* [Instructions to follow]:
Using the entries that follow, transcribe only the lines from the line with "Large apdty 034315 x1 o 3" to the line with "Samsung Galaxy S25", both included, exactly as they stand and without pictures.

* [Input for this task]:
Content starts

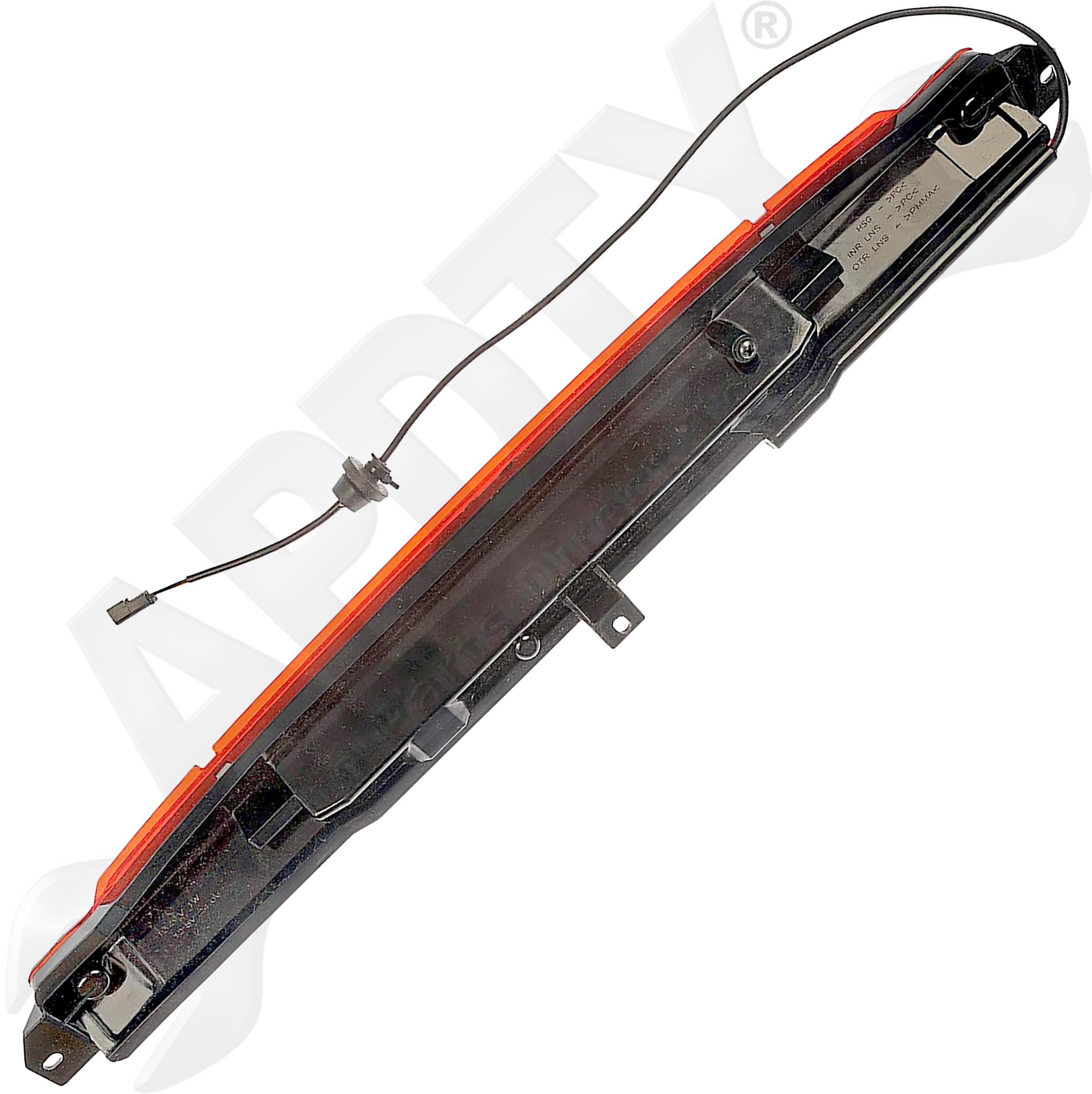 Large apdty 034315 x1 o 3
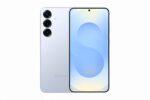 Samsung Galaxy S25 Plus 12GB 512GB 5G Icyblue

Content ends
Content starts

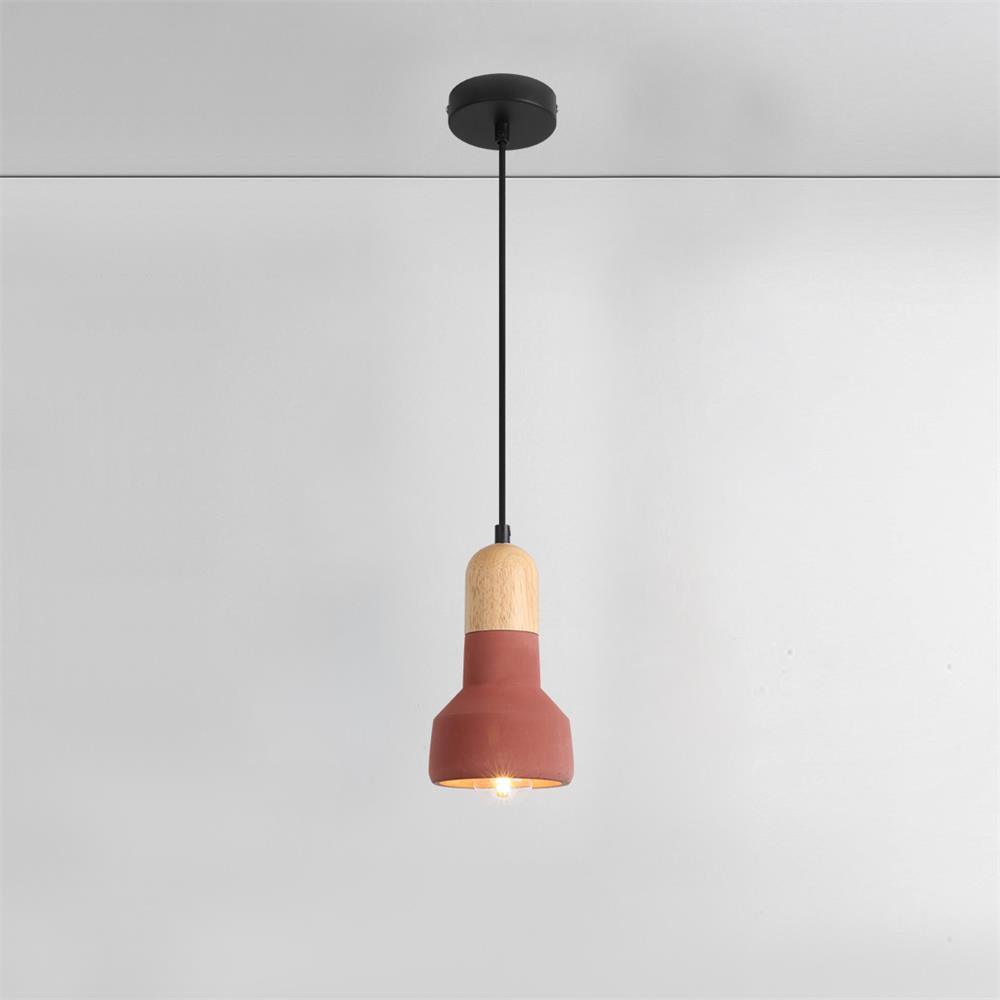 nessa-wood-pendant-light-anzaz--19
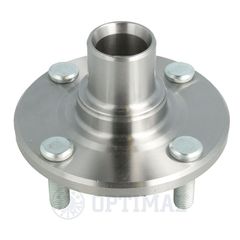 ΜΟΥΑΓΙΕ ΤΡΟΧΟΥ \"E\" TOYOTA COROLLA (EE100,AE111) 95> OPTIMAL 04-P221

Content ends

* [Answer for this exercise]:
 Large apdty 034315 x1 o 3
 Samsung Galaxy S25 Plus 12GB 512GB 5G Icyblue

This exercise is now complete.